Extracted information
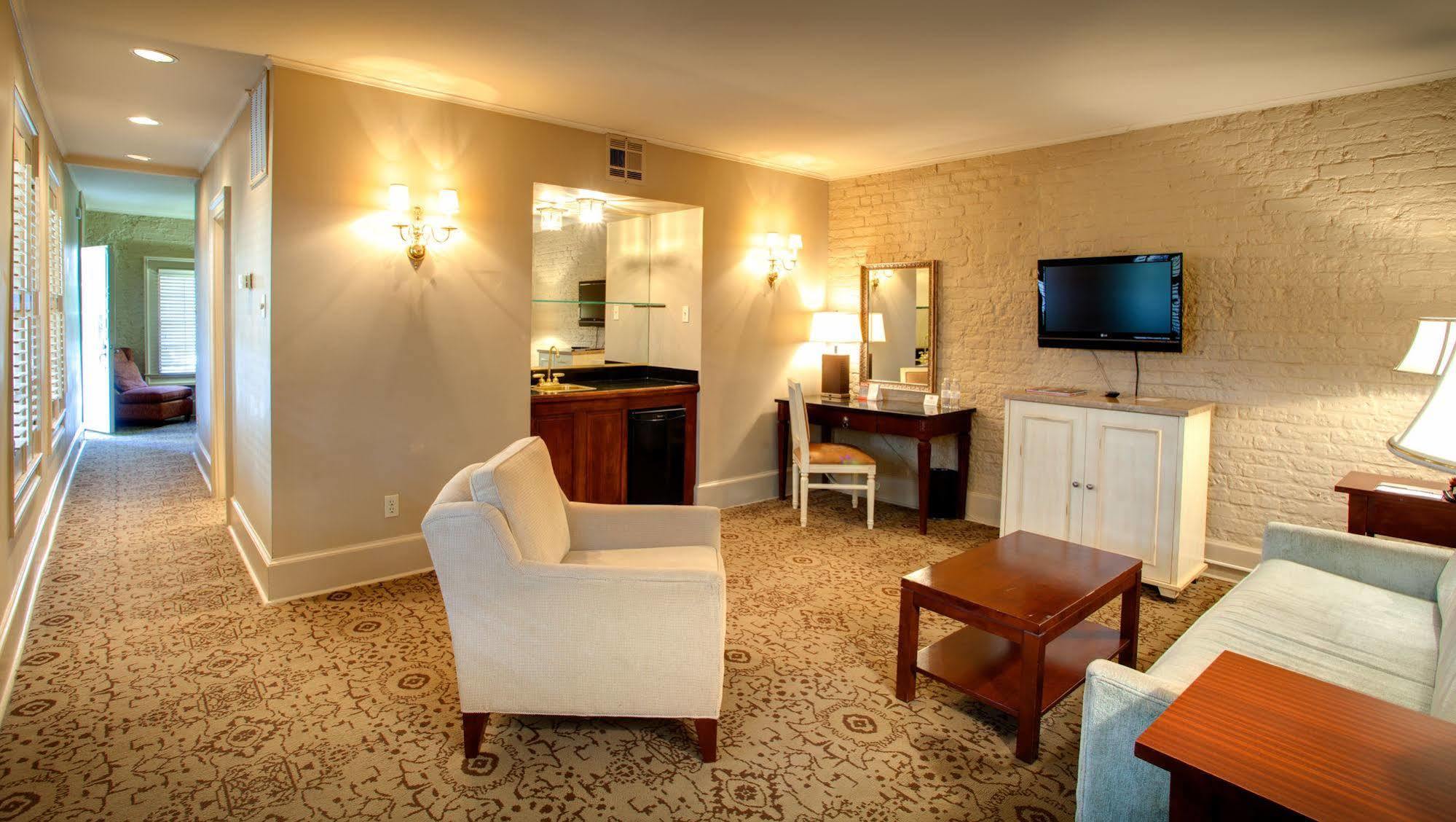 ניו אורלינס Dauphine Orleans Hotel חדר תמונה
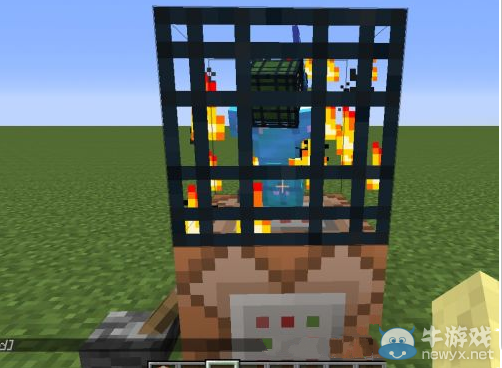 《我的世界》刷怪籠制作教程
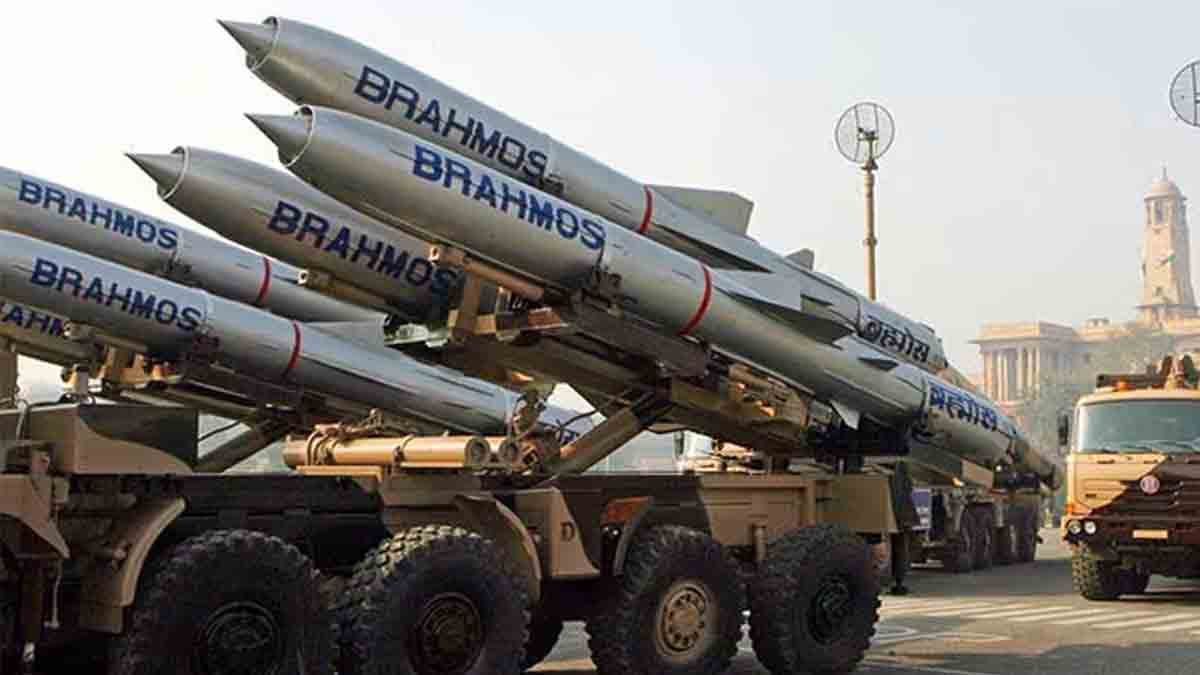 Brahmos Missile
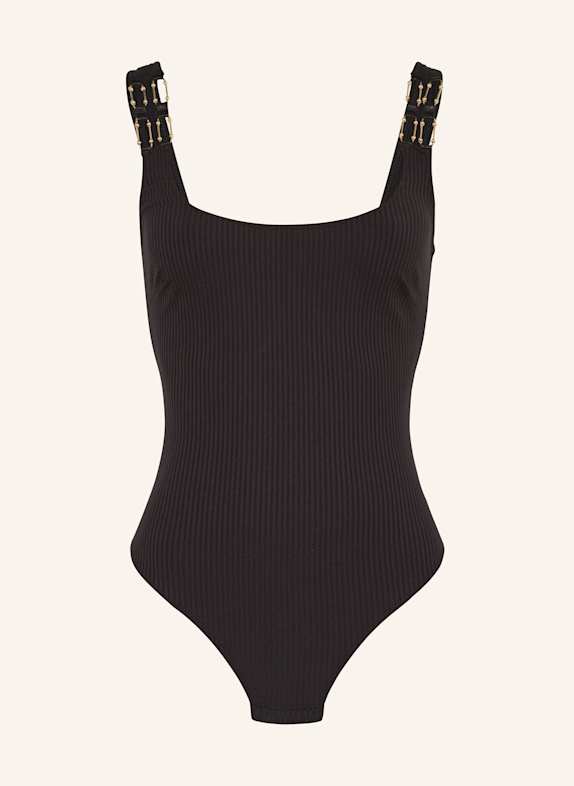 Aubade String-Body LES BODYS BY AUBADE SCHWARZ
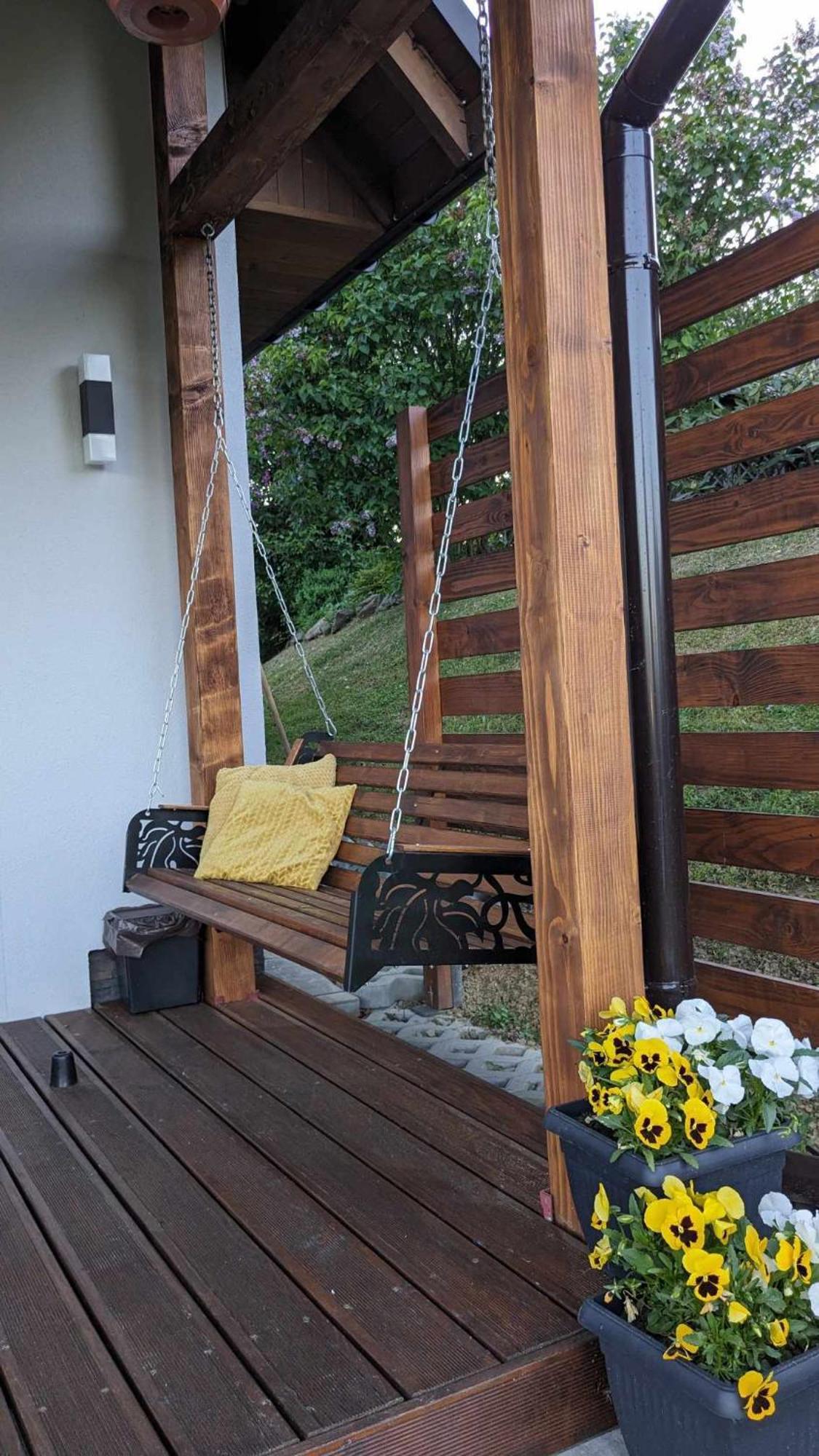 Cichata - Domek W Bieszczadach Czarna  Bagian luar foto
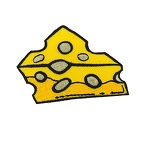 D115  patch cheese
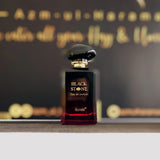 Surrati Black Stone 100ml Eau de Parfum – Unisex Oriental Perfume Long Lasting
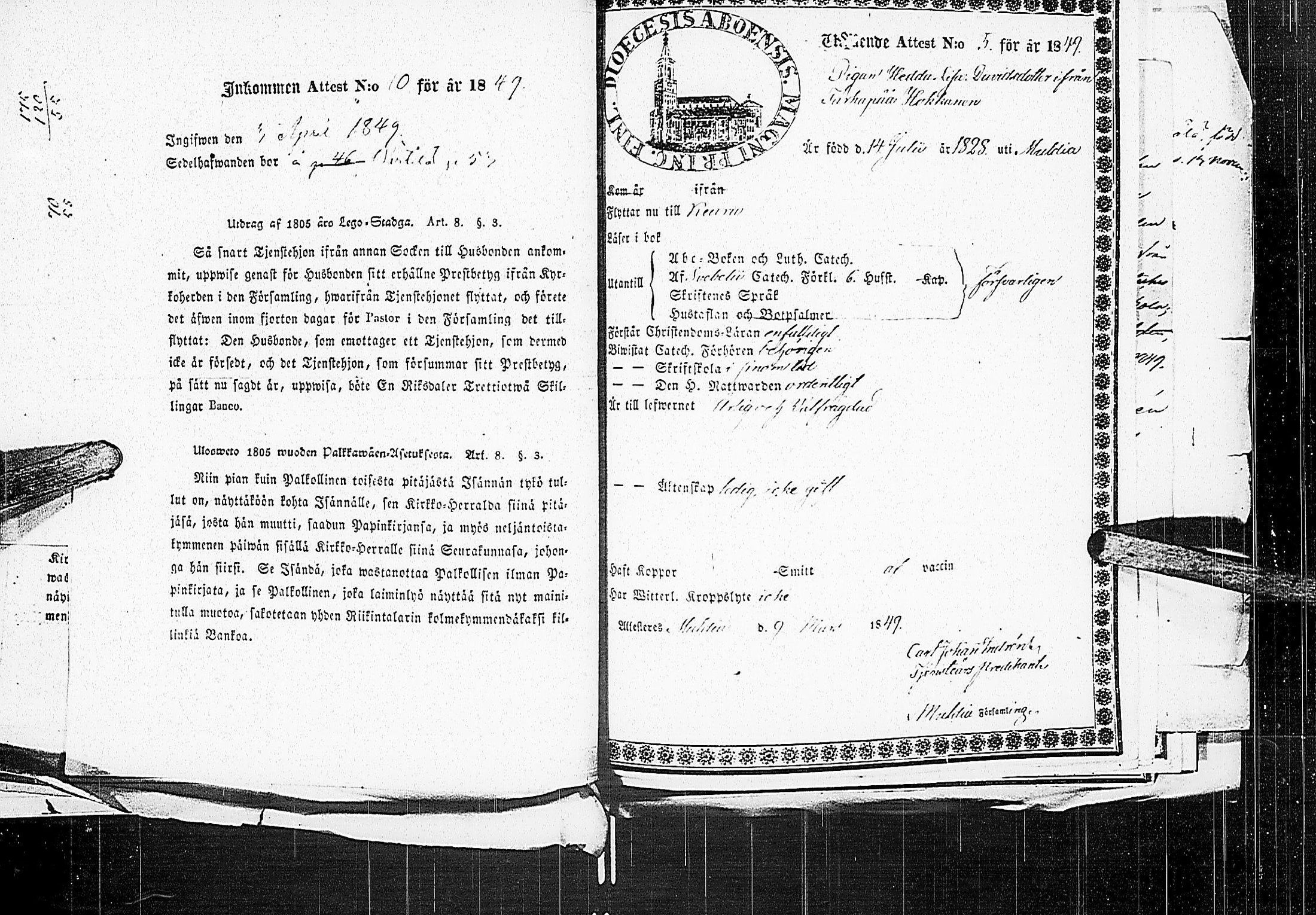 [ ../kirjat/Kirkonkirjat/keuruu/muuttokirjoja_1848-1850_uk397/kuvat/85.jpg ]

Problem requirements
All pictures are to be dropped, and the records above returned exactly.

Written reply
 ניו אורלינס Dauphine Orleans Hotel חדר תמונה
 《我的世界》刷怪籠制作教程
 Brahmos Missile
 Aubade String-Body LES BODYS BY AUBADE SCHWARZ
 Cichata - Domek W Bieszczadach Czarna  Bagian luar foto
 D115  patch cheese
 Surrati Black Stone 100ml Eau de Parfum – Unisex Oriental Perfume Long Lasting
 [ ../kirjat/Kirkonkirjat/keuruu/muuttokirjoja_1848-1850_uk397/kuvat/85.jpg ]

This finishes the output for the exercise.